SUMMARY OF THE INVENTION

[0008] The present invention has been made in an effort to solve the aforementioned problems and accordingly, it is a first feature of an embodiment of the present invention to provide a method for automatically determining whether a region of a sample to be analyzed is normal or abnormal.

[0009] It is a second feature of an embodiment of the present invention to provide a method for measuring the line width of a minute pattern and for simultaneously determining whether the minute pattern is normal or abnormal.

[0010] It is a third feature of an embodiment of the present invention to provide an apparatus for automatically determining whether the region of a sample to be analyzed is normal or abnormal.

[0011] It is a fourth feature of an embodiment of the present invention to provide an apparatus for measuring the line width of a minute pattern, and for simultaneously determining whether the minute pattern is normal or abnormal.

[0012] In an effort to provide the first feature of the present invention, a method for analyzing a sample by employing a Fast Fourier Transformation (FFT) method of one preferred embodiment of the present invention includes generating an image of a region of the sample to be analyzed, generating data having a frequency from the image by the FFT method, and analyzing the generated data to determine whether the region is normal or abnormal.

[0013] In the method described above, the region may include a periodically formed pattern, or the region may be formed on a semiconductor substrate and may correspond to a cell region including a periodic pattern. The periodic pattern may have a line width and may be formed by an etching process. The image may be generated by a scanning electron microscope, and may be defined into at least two pixel units. Finally, an alarm is preferably provided when it is determined that the region is abnormal.

[0014] In an effort to provide the second feature of the present invention, a method for analyzing a sample by employing a FFT method of another preferred embodiment of the present invention includes generating a magnified image of a minute pattern formed in a cell region of a semiconductor substrate, measuring a line width of the minute pattern using the magnified image, generating data having a frequency from the image by the Fast Fourier Transformation method, and analyzing the generated data to determine whether the minute pattern is normal or abnormal.

[0015] In an effort to provide the third feature of the present invention, according to a preferred embodiment, the apparatus for analyzing a sample by employing a FFT method includes an image generation part for generating an image of a region of the sample to be analyzed, a data generation part for generating data having a frequency from the image by the Fast Fourier Transformation method, and a data discrimination part for analyzing the generated data to determine whether the region is normal or abnormal. The apparatus may further include a display part for displaying the generated data, and an alarm part for providing an alarm when the region is abnormal. The image generation part preferably includes a scanning electron microscope.

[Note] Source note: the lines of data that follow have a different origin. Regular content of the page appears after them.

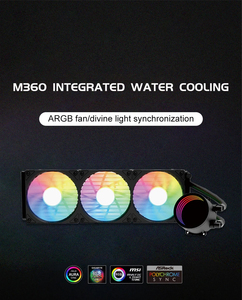 Nuevo Radiador de CPU con Refrigeración Líquida de Cobre ARGB Negro M360 de 30dBA para Computadoras de Escritorio y Juegos, Venta al Por Mayor SEJISH - Product Image 4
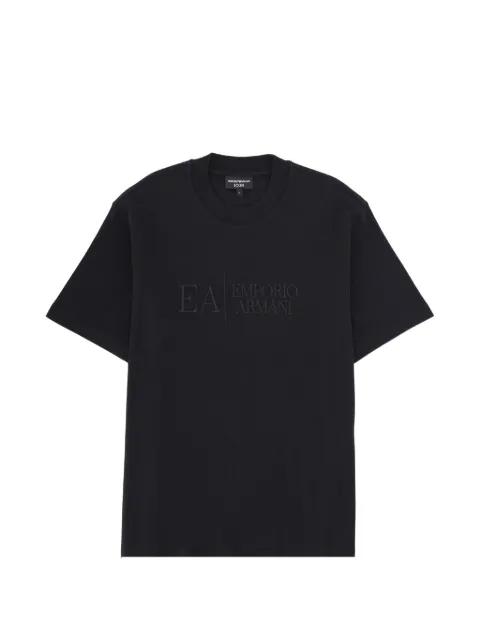 logo-detail T-shirt by EMPORIO ARMANI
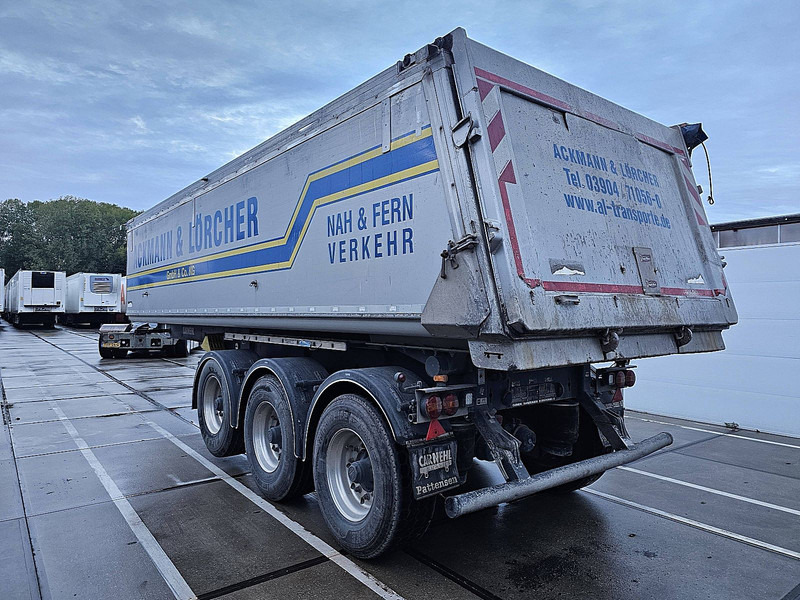 Carnehl 26M3 THERMOMULDE ISOLATED ALCOA'S - Semi-remorque benne: photos 5 Carnehl 26M3 THERMOMULDE ISOLATED ALCOA'S - Semi-remorque benne: photos 5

[0016] In an effort to provide the fourth feature of the present invention, according to a preferred embodiment, the apparatus for analyzing a sample by employing a FFT method includes a scanning electron microscope for generating a magnified image of a minute pattern formed in a cell region of a semiconductor substrate, a line width measurement part for measuring a line width of the minute pattern using the magnified image, a data generation part for generating data having a frequency from the magnified image by the Fast Fourier Transformation method, and a data discrimination part for analyzing the generated data to determine whether the minute pattern is normal or abnormal.

[0017] According to the present invention, the image of the region of the sample to be analyzed may be generated as data having a frequency by employing the FFT method. Thus, an abnormal or normal region of the sample can be determined by analyzing the data with the automatically constructed apparatus and method for analyzing the sample. In particular, when the minute pattern formed on the semiconductor substrate is analyzed in accordance with the apparatus and method of the present invention, the line width of the minute pattern can be measured while the minute pattern is simultaneously analyzed for abnormalities.

[0018] The method and apparatus of the present invention may be advantageously employed in recent automated manufacturing lines. Particularly, the method and the apparatus of the present invention may be effectively employed for large substrates having a diameter of about 300 mm, which cannot be easily handled by an operator. Further, the automated manufacturing lines may be set up with respect to the large substrate.

BRIEF DESCRIPTION OF THE DRAWINGS

[0019] The above features and advantages of the present invention will become more apparent to those of ordinary skill in the art by describing in detail preferred embodiments thereof with reference to the attached drawings in which:

[0020] FIG. 1 is a block diagram illustrating an apparatus for analyzing a sample according to a preferred embodiment of the present invention;

[0021] FIG. 2 is a flow chart illustrating the method for analyzing a sample according to a preferred embodiment of the present invention;

[0022] FIG. 3 illustrates a plane view showing a minute pattern included in a sample for analysis according to a preferred embodiment of the present invention; and

[0023] FIG. 4 is a graph illustrating power spectrums relative to frequency taken along the lines of ‘A’, ‘B’, and ‘C’ in FIG. 3.

DESCRIPTION OF THE PREFERRED EMBODIMENT

[0024] Korean Patent Application No. 2002-66614 filed on Oct. 30, 2002, and entitled: “Method For and Apparatus For Analyzing a Sample Employing Fast Fourier Transformation Method” is incorporated by reference herein in its entirety.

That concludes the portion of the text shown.